YOUR ASSIGNMENT
Each record below must be reproduced exactly as it reads, with its images omitted.

RECORD SET

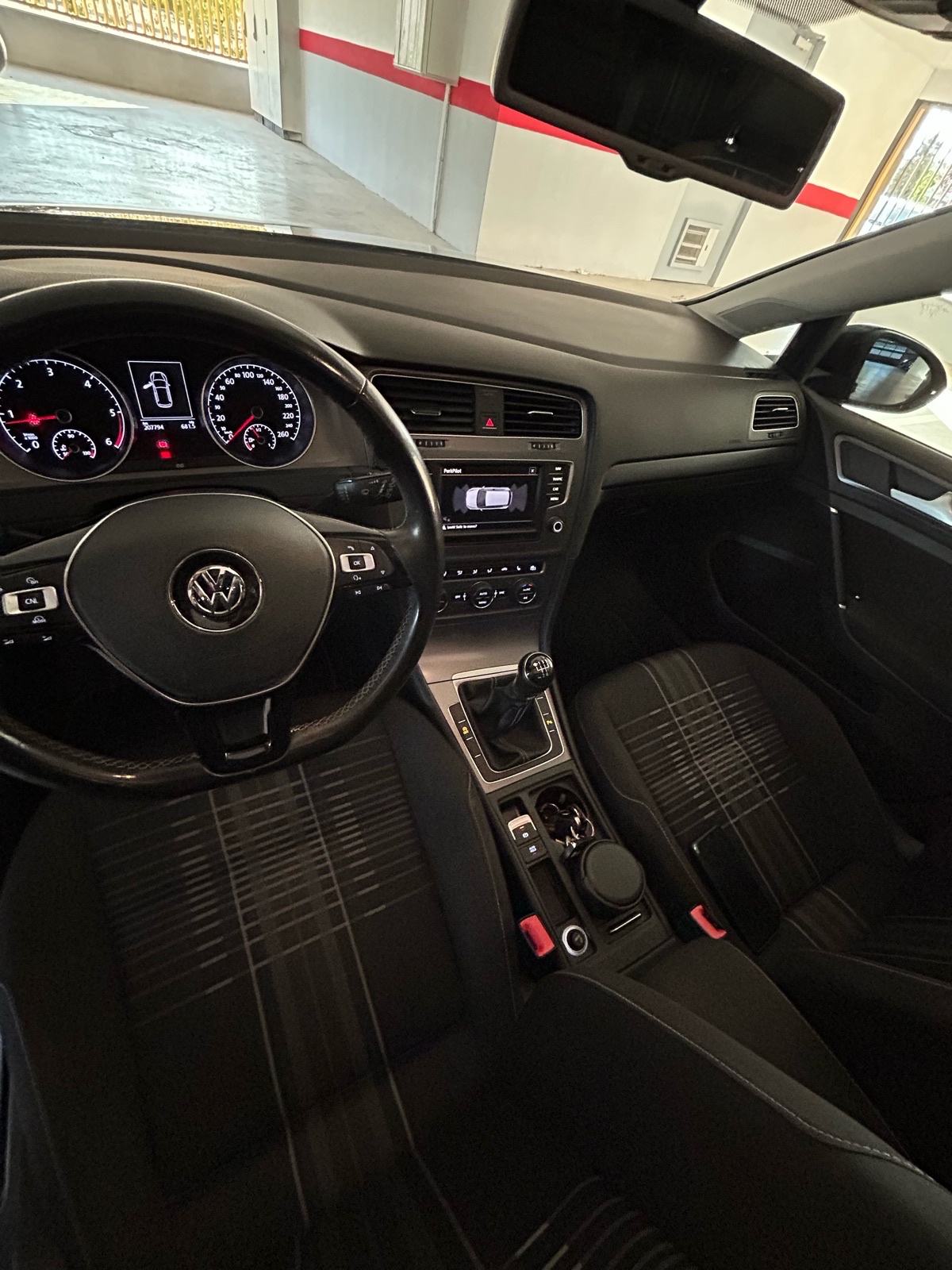 VW Golf 7 1,6 TDI Lounge Pano Alu PDC, fotografija 19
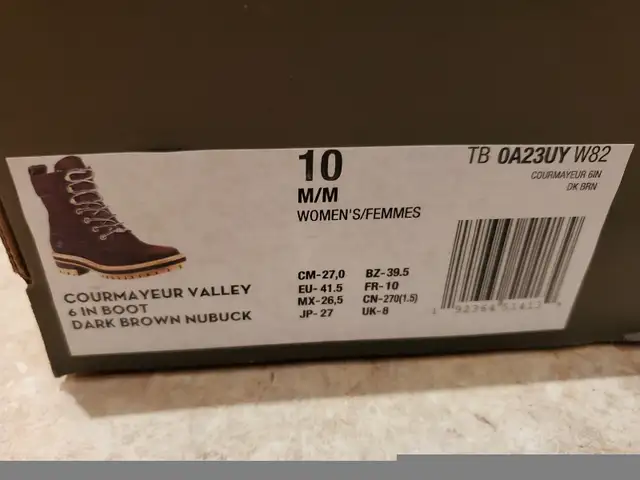 BNWT Timberland Courmayeur Valley 6in boots in Women's - Shoes in Markham / York Region - Image 6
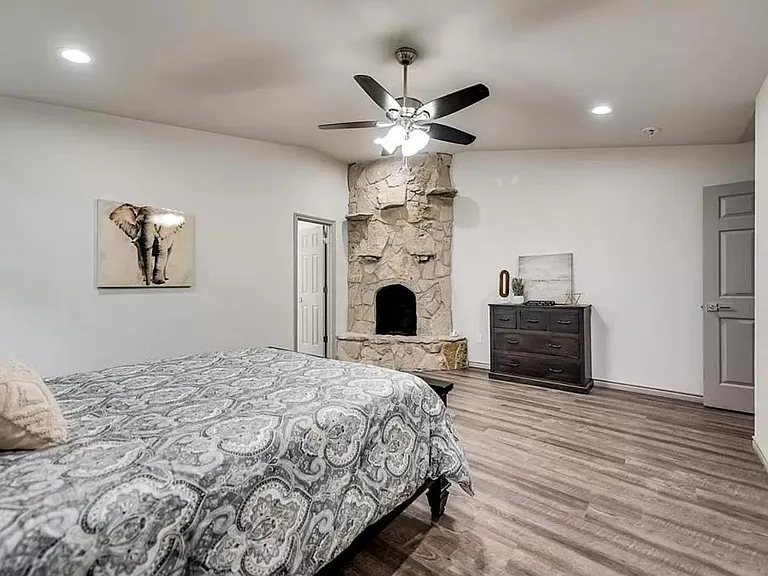 3403 County Road 1157 — Photo 13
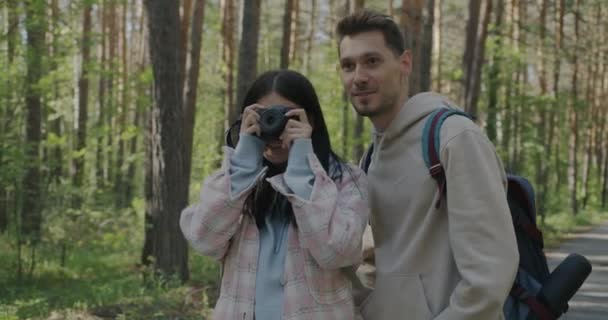 Fiatal Fotós Fényképez Fényképezőgéppel Barátjával Beszél Nyári Erdőben Fényképezés Természet — Stock videók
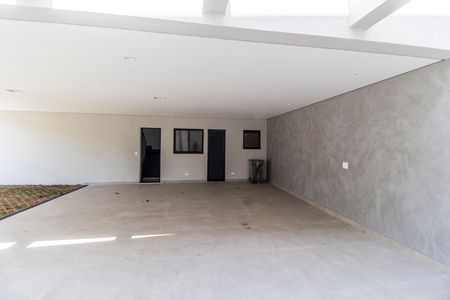 Casa de condomínio à venda com 394m², 5 quartos e 6 vagas Casa de condomínio à venda com 394m², 5 quartos e 6 vagasGaragem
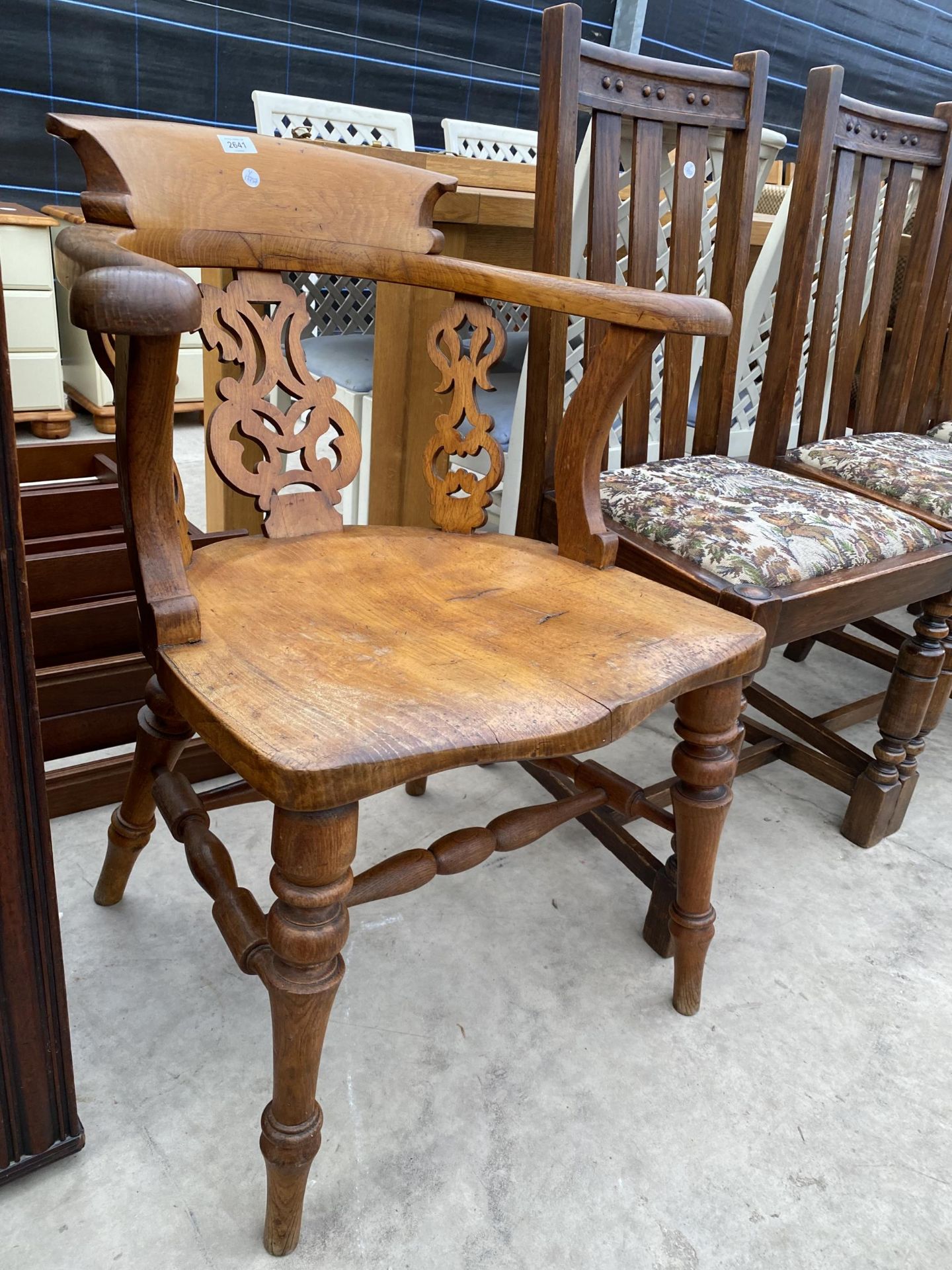 A VICTORIAN ELM AND OAK ELBOW CHAIR WITH SWEPT ARMS AND PIERCED SPLAT BACK - Image 2 of 4
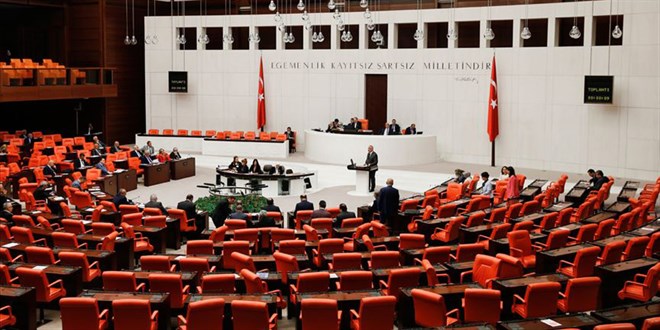 Meclis’te Çoğunluk Sağlanamadı! Memur Ve Memur Emeklilerine Yapılacak Ek Zam, Ocak Maaşına Yetişmeyecek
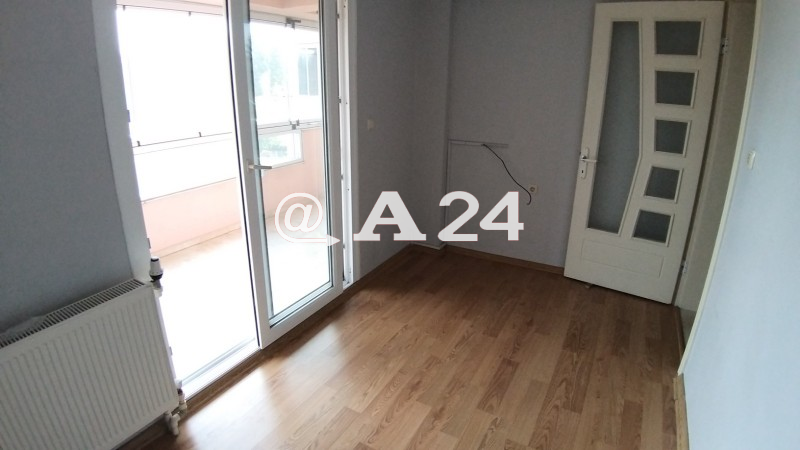Şirinyer İzbana Yürüme Mesafesinde Asansör D.gaz Kombi 3+1 140 M2.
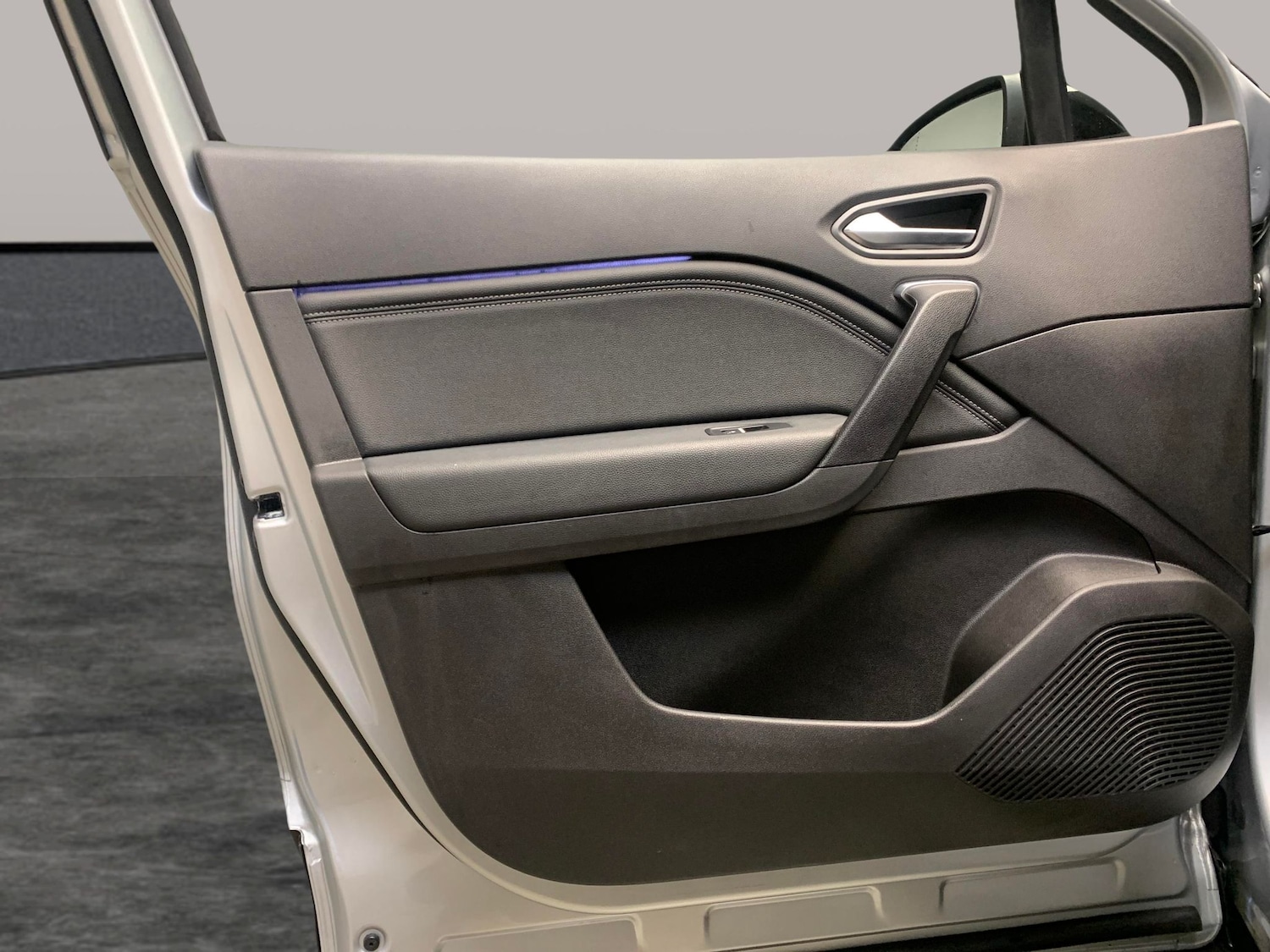 Used Renault Captur 2023 for sale - 77318614: Photo 24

THE COMPLETED TASK
 VW Golf 7 1,6 TDI Lounge Pano Alu PDC, fotografija 19
 BNWT Timberland Courmayeur Valley 6in boots in Women's - Shoes in Markham / York Region - Image 6
 3403 County Road 1157 — Photo 13
 Fiatal Fotós Fényképez Fényképezőgéppel Barátjával Beszél Nyári Erdőben Fényképezés Természet — Stock videók
 Casa de condomínio à venda com 394m², 5 quartos e 6 vagas Casa de condomínio à venda com 394m², 5 quartos e 6 vagasGaragem
 A VICTORIAN ELM AND OAK ELBOW CHAIR WITH SWEPT ARMS AND PIERCED SPLAT BACK - Image 2 of 4
 Meclis’te Çoğunluk Sağlanamadı! Memur Ve Memur Emeklilerine Yapılacak Ek Zam, Ocak Maaşına Yetişmeyecek
Şirinyer İzbana Yürüme Mesafesinde Asansör D.gaz Kombi 3+1 140 M2.
 Used Renault Captur 2023 for sale - 77318614: Photo 24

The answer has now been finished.